EXERCISE: Your answer must be exactly the lines from the one containing "Freshwater Goods Let's Go For a Swim Tote" through the end of the material, both ends included, without pictures.

TASK INPUT:
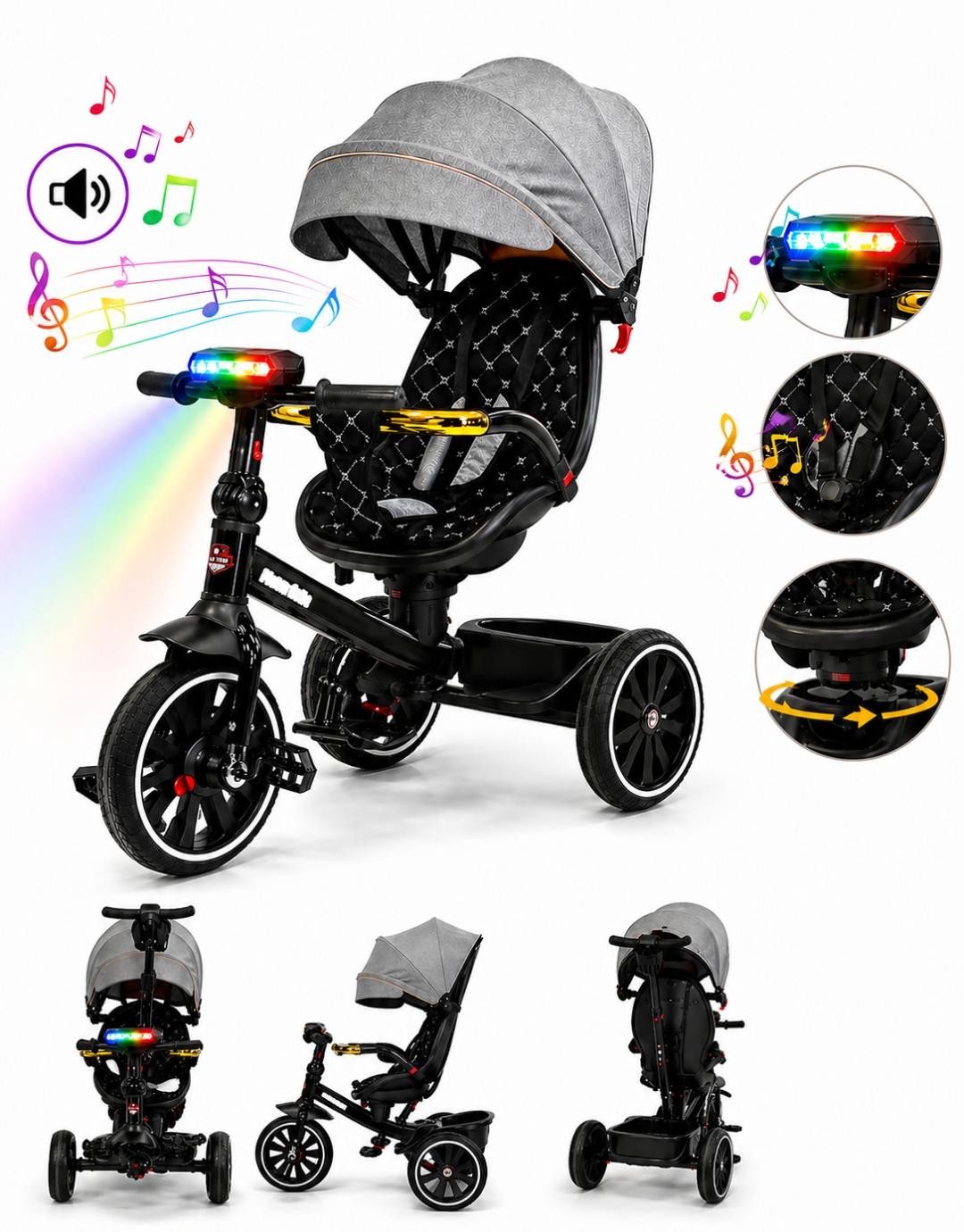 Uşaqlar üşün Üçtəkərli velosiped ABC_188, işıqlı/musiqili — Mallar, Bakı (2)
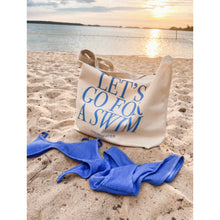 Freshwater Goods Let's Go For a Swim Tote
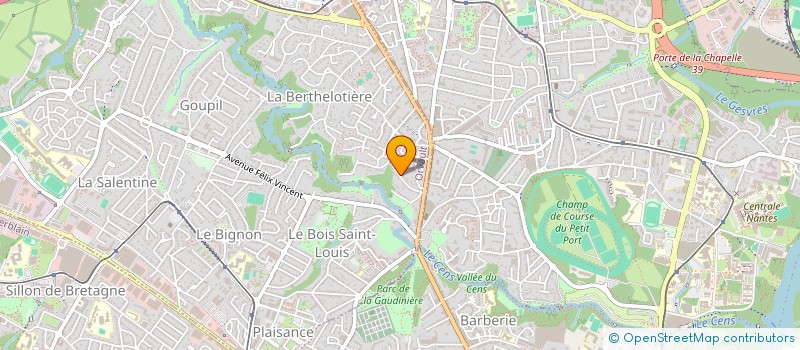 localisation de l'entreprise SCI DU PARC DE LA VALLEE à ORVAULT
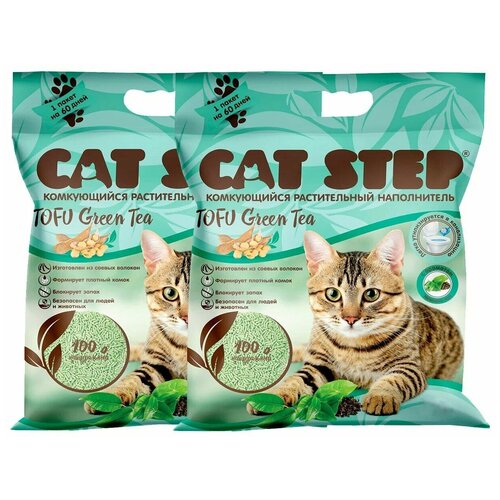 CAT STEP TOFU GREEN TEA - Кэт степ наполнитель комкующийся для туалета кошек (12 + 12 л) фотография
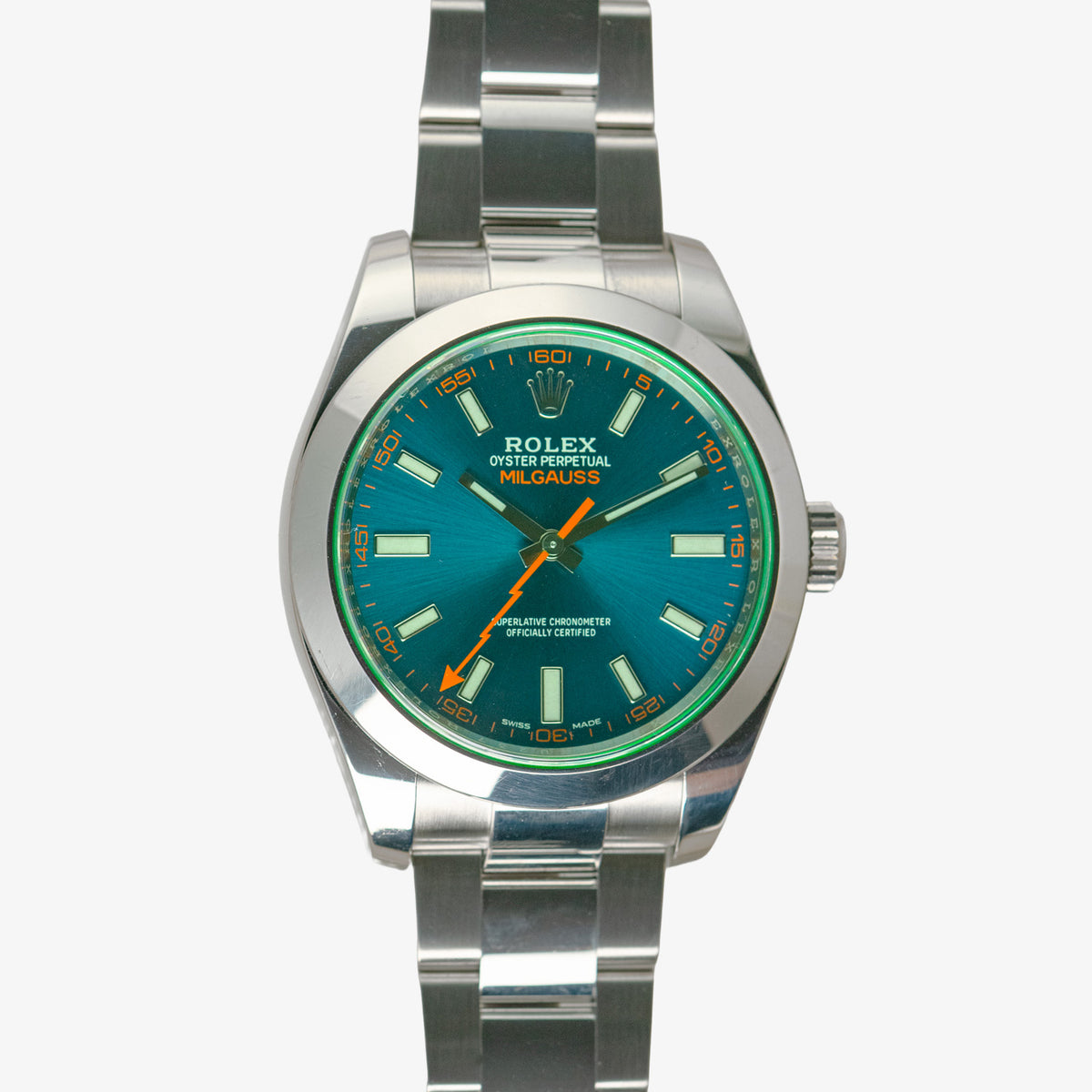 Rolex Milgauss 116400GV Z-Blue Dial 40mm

EXERCISE OUTPUT:
 Freshwater Goods Let's Go For a Swim Tote
 localisation de l'entreprise SCI DU PARC DE LA VALLEE à ORVAULT
 CAT STEP TOFU GREEN TEA - Кэт степ наполнитель комкующийся для туалета кошек (12 + 12 л) фотография
 Rolex Milgauss 116400GV Z-Blue Dial 40mm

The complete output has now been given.